→ Requirement
Whenever a line in the data holds the string "sitting", pull that line out.

*** Dataset records Section Begins ***

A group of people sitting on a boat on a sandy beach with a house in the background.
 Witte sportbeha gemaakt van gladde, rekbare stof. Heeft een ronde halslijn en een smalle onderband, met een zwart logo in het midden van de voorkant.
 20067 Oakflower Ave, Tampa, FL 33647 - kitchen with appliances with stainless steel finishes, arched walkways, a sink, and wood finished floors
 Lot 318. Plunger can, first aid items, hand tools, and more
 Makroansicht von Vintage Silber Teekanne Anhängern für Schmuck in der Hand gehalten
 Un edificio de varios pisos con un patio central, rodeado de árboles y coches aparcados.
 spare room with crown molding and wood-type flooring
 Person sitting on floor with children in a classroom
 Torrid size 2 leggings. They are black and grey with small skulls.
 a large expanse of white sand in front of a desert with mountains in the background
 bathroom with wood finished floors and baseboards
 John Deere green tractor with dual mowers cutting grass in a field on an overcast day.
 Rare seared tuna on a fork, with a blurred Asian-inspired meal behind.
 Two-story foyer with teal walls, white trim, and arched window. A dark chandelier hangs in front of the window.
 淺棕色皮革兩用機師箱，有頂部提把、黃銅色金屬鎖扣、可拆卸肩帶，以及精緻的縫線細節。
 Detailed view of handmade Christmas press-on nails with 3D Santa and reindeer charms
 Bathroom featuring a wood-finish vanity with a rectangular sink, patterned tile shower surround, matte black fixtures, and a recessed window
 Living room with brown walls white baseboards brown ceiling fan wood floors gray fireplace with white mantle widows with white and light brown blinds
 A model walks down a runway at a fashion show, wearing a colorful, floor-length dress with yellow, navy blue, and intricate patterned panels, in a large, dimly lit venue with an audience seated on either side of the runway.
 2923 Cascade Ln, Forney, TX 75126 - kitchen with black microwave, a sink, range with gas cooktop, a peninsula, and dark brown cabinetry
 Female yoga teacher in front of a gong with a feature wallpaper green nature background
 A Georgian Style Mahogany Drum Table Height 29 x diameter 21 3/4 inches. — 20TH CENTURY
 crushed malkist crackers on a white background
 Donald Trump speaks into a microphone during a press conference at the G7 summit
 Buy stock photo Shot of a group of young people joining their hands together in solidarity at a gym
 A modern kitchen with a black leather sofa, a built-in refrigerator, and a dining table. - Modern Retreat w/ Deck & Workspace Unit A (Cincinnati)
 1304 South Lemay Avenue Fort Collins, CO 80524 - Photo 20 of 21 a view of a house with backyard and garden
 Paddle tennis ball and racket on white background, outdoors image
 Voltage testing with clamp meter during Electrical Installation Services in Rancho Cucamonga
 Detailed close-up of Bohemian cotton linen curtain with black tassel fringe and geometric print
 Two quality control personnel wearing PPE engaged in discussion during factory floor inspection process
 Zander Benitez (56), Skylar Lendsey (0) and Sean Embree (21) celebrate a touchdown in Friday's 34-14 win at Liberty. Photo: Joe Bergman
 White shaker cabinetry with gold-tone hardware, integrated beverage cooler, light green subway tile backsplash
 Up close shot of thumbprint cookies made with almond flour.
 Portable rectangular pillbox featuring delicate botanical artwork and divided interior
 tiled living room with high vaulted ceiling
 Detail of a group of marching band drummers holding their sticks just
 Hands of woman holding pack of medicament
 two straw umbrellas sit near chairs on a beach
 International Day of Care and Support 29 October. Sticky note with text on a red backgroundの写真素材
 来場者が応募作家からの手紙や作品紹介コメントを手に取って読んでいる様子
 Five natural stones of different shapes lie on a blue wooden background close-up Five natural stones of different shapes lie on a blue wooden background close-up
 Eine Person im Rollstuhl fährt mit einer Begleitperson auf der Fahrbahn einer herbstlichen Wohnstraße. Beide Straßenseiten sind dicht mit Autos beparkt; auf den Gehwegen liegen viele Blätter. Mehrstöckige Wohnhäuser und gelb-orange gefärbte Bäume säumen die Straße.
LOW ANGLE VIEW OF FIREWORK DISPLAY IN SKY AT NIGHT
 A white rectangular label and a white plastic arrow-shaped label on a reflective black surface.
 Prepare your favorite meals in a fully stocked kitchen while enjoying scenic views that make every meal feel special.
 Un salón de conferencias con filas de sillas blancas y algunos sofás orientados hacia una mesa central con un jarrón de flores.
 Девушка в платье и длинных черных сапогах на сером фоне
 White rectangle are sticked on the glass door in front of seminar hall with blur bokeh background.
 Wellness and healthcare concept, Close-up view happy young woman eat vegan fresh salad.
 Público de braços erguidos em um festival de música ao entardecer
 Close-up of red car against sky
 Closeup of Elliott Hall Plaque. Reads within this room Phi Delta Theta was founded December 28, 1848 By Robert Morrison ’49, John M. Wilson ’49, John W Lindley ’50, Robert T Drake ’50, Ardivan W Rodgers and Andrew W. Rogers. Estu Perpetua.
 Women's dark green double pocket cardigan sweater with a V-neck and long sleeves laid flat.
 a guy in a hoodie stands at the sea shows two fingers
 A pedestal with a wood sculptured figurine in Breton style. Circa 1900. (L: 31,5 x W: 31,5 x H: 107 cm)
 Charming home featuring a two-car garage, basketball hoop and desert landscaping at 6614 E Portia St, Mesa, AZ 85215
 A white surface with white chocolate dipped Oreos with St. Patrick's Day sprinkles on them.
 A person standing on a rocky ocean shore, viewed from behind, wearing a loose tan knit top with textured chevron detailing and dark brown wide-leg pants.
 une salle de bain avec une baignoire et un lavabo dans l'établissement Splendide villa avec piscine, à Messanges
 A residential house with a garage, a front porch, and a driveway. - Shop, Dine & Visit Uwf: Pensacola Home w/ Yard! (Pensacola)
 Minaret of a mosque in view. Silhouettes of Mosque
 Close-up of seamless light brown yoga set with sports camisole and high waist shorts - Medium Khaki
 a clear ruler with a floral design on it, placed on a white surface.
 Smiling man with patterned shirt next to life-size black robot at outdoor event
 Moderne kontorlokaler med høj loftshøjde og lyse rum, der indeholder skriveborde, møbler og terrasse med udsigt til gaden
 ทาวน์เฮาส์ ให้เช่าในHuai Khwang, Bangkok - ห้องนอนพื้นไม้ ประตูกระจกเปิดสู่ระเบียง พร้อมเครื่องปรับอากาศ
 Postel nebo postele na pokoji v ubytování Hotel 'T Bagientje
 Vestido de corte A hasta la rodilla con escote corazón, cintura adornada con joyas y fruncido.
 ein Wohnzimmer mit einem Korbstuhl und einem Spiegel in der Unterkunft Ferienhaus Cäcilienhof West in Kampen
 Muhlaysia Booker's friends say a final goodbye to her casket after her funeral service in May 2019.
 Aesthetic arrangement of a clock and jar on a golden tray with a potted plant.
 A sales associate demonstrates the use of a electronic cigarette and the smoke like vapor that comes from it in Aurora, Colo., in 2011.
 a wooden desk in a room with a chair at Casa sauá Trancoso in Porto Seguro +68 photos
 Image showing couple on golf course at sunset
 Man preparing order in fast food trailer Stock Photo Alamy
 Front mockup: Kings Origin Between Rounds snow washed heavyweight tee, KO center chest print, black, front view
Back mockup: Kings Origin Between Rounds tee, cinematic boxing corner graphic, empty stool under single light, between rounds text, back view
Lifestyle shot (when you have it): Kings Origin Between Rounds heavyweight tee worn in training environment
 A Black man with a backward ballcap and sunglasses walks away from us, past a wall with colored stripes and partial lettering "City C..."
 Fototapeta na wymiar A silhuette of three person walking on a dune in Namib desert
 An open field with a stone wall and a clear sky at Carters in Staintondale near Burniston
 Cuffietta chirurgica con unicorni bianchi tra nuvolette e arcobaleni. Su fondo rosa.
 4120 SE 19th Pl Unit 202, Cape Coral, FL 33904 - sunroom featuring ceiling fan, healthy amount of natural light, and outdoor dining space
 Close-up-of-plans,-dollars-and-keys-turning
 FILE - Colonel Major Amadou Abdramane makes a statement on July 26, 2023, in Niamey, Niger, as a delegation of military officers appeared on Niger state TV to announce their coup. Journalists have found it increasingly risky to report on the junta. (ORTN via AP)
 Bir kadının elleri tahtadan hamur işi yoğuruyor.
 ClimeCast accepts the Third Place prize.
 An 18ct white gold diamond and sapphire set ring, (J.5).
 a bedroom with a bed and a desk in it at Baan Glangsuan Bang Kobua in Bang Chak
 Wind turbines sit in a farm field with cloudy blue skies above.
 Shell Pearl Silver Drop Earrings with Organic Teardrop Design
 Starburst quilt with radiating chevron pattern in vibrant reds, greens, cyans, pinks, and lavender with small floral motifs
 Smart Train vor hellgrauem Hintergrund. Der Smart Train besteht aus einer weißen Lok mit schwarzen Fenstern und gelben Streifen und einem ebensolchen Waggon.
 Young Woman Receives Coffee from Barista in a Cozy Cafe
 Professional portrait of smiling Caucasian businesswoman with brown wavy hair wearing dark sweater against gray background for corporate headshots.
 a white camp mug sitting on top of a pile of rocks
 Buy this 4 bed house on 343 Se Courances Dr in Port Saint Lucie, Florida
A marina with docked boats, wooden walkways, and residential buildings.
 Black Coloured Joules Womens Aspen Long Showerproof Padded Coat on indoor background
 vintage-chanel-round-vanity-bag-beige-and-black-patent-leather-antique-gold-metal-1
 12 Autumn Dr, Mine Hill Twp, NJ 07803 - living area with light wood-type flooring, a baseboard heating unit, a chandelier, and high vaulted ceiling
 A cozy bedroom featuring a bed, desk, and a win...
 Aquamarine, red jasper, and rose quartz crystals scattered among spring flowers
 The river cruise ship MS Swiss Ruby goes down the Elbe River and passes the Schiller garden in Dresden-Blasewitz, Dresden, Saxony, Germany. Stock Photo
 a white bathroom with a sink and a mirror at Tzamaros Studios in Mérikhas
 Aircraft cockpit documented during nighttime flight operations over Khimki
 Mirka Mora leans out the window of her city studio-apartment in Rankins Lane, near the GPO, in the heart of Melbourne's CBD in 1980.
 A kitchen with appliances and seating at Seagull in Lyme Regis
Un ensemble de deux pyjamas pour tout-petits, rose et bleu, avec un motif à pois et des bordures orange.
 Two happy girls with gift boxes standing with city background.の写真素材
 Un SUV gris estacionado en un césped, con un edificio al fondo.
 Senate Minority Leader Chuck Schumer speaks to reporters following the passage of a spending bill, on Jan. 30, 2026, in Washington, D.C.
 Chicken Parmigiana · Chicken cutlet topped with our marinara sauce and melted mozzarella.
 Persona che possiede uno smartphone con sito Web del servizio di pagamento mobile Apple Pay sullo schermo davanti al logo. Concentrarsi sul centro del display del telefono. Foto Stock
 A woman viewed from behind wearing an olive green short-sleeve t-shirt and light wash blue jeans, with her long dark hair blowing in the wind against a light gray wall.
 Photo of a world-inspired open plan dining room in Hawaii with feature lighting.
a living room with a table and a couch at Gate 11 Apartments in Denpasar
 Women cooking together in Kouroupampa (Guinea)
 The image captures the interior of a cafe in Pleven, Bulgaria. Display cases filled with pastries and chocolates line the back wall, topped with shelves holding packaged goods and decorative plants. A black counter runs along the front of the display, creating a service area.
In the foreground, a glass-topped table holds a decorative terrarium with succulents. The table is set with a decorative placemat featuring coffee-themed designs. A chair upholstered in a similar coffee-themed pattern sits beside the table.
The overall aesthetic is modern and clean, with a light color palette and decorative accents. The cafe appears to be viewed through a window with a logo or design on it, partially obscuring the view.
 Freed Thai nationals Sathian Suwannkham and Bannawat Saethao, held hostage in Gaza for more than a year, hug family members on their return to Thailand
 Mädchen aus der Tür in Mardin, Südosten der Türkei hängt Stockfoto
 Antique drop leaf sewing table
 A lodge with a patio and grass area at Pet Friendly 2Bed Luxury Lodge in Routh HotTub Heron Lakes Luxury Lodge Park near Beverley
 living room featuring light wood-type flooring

*** Dataset records Section Ends ***

→ Solved exercise
A group of people sitting on a boat on a sandy beach with a house in the background.
 Person sitting on floor with children in a classroom
 a white camp mug sitting on top of a pile of rocks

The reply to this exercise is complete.